The one thing the Viking landers could not do is move, although they did have robotic arms that could reach out and scoop up soil.
NASA first solved the movement problem with the Pathfinder mission in 1997. A tiny rover (just 25 pounds/11 kg) could leave the lander and travel up to 5 meters (15 feet) away from it to look at rocks.
![]() Photo courtesy NASA Two generations of Mars rovers |
The MER robots are the largest rovers to ever successfully land on another planet. On this mission, NASA has designed the MER robots to act as robotic geologists. The instruments and equipment packed into the rovers are primarily designed to look at rocks.
Here's what each rover can do:
- The rovers can generate power with their solar panels and store it in their batteries.

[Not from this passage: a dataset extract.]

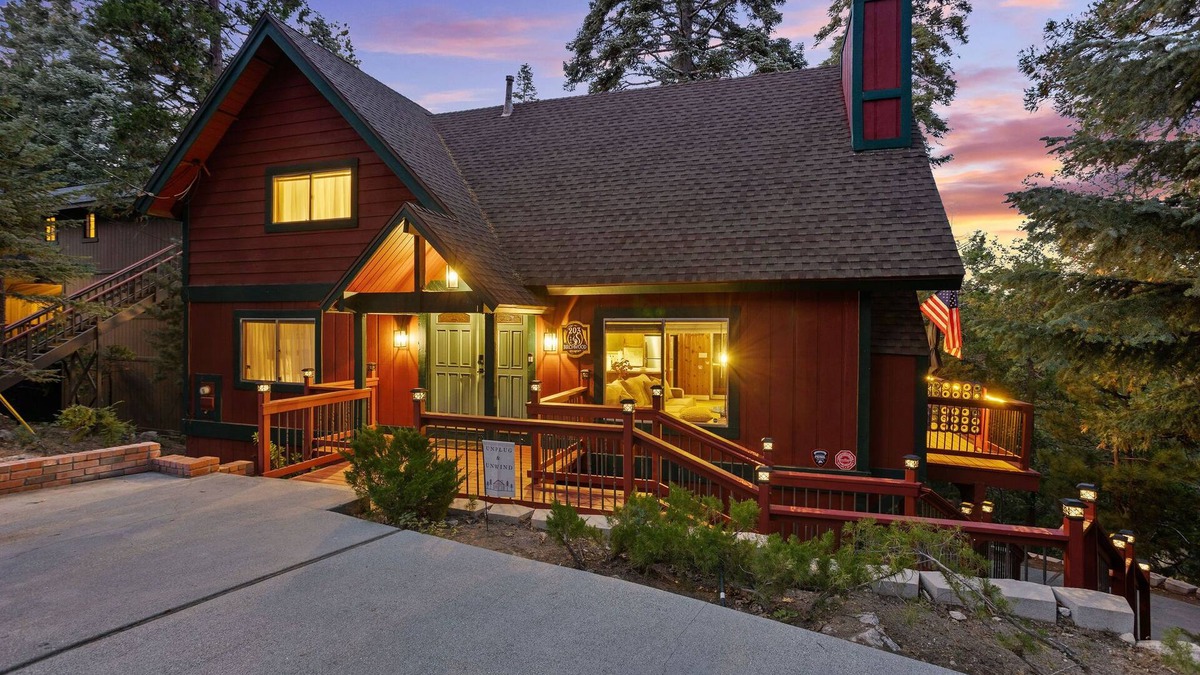 Blue Jay House | New! Rustic & cozy cabin w/pool table, deck, garage, dog friendly!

- The rovers can take color, stereoscopic images of the landscape with a pair of high-resolution cameras mounted on the mast.
- They can also take thermal readings with a separate thermal-emission spectrometer that uses the mast as a periscope.
![]() Photo courtesy NASA The rover's mast |
- Scientists can choose a point on the landscape and the rover can drive over to it. The rovers are autonomous -- they drive themselves, because the time lag for radio signals to travel between Earth and Mars is too great for the rovers to be radio controlled. Three pairs of black-and-white cameras on the front, back and mast of the rover let the robot see its surroundings and navigate around obstacles. The rovers have six wheels, with a motor in each wheel, to move around.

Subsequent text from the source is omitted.